Рудольф Ахундович – слушатель благодарный, цокал языком, щипал щетку усов с проседью, закатывал глаза, восклицал и стонал, сопереживая лукавому рассказчику щедро и неуемно. Эмоциональные соболезнования подкрепились материальными: на столике, мелко дрожавшем от перестука колес, появились палка салями, балык и свежие помидоры. Попутчикам было предложено разделить позднюю трапезу.
Затем улеглись спать. Когда залезли под одеяла и купе озарил мертвенный рентгеновский свет ночных ламп, в дверь постучали.
– На выход, – властно потребовала проводница, и Ракитин вспомнил о своих обязательствах. Со вздохом встал.
– Зачэм звать тебе? – сквозь сон спросил Рудольф Ахундович. – Што за врэдный жэнщин, не понять совсэм! У нас не так – мужчин уважать, берэчь…
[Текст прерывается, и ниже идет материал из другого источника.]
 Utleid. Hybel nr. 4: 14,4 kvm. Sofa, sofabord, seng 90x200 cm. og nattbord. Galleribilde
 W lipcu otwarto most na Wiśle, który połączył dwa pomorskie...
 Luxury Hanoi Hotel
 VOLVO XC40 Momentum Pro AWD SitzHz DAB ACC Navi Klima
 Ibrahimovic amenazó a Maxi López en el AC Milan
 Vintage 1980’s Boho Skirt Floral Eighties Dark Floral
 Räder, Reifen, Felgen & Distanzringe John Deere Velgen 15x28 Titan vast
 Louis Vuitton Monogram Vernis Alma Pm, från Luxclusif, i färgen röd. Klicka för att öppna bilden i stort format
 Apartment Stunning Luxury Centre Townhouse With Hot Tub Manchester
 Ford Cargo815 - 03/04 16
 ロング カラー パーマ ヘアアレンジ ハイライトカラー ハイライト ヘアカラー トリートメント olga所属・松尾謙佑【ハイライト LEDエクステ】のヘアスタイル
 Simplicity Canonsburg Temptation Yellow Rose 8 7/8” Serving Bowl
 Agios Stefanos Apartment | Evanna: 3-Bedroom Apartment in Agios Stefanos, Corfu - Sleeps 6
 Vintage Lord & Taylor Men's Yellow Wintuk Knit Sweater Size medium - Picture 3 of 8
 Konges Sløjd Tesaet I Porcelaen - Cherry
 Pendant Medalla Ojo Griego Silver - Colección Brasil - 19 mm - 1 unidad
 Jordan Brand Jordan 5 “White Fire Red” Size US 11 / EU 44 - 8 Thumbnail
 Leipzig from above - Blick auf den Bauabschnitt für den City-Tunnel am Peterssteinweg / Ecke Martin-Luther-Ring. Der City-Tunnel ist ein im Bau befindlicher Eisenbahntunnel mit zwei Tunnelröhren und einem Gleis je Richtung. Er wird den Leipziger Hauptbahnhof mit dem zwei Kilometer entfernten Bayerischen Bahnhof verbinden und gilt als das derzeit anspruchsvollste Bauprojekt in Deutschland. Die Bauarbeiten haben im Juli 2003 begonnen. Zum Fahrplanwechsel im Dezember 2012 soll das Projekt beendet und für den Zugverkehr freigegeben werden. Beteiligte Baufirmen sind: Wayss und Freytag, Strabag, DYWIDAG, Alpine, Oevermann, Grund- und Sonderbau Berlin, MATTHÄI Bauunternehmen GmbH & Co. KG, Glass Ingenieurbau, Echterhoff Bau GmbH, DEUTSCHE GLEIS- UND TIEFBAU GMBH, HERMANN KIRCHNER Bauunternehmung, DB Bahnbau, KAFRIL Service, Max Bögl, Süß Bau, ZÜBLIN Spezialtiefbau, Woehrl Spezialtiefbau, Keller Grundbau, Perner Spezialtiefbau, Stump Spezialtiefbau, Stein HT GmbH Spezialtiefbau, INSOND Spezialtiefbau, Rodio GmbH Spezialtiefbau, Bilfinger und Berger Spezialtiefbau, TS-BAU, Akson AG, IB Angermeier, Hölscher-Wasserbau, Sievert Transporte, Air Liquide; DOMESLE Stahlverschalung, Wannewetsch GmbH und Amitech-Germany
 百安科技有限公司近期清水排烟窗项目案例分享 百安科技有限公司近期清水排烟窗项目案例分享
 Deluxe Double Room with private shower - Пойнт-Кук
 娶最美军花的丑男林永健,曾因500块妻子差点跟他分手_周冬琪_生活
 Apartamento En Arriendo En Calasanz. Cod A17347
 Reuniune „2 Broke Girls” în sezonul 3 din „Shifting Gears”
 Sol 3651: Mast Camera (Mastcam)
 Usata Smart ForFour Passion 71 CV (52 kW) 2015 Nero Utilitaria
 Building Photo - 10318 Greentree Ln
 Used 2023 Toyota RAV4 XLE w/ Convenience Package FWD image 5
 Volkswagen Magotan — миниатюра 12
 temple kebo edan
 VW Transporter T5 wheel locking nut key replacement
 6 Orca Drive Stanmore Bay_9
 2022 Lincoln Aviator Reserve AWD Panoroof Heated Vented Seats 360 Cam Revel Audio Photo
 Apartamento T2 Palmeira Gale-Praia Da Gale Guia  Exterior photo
– Все нормально, – буркнул Александр, одеваясь.
– Ты лежи, – подал голос Градов, слезая с верхней полки. – Мне все равно не спится. Чего там надо?..
– Два сортира и коридор, – виновато молвил Александр.
…Его заполонило резкое, как оскомина, впечатление, будто происходящее ныне уже случалось с ним.
Подобное ощущение связано у людей либо с тщетным воспоминанием забытого сна, либо с ушедшей в небытие реальностью, оставившей в сознании свою полустертую тень, либо со смутной догадкой об иной жизни, задавленно таящейся в глубине памятью себя прошлого. Последнее могло относиться к нему вполне закономерно, и участливое разъясненьице ученых психологов на тот счет, что, мол, встречаются еще псевдореминисценции, тут было бы навряд ли приемлемо.
Итак, готовясь приступить к малооблагораживающему труду по приборке вагонных клозетов, он кратчайшей ассоциацией пришел к понятию о военной службе, где сия прерогатива неизбывна.
В калейдоскопе памяти, смешавшем эпохи, различились облупленная позолота доспехов римского легионера, атласные шаровары янычара и, особенно зримо, шинелька нижнего офицерского чина времен первой мировой бойни – с рыжими подпалинами от костров и пожарищ, вонявшая одновременно псиной и дезинфекцией.
И – вспомнил. Паровозик, разломанный международный вагон с бархатными нарами, наспех приколоченными к стенам, истоптанные сапогами занавеси с бахромой, валявшиеся вместо половиков в проходах, и – люди, забившие вагон: раненые, тифозные, просто вдребезги пьяные, спасавшиеся от голода и сумасшествия в этом гробу на колесах, катившем через Европу с однообразием ее унылого мартовского пейзажа: закопченными вспучинами сугробов, пасмурным небом, голыми мокрыми лесами и стиральными досками пустынных полей. И еще: два крест-накрест забитых необструганными досками отхожих места – туда уже невозможно было войти, и нужду справляли с подножек, на ходу: товарищи держали друг друга за руки, отпуская веселенькие матерные скабрезности через озлобленность, взвинченную обреченность и страх. И смеялись, заходясь в кашле и рвоте.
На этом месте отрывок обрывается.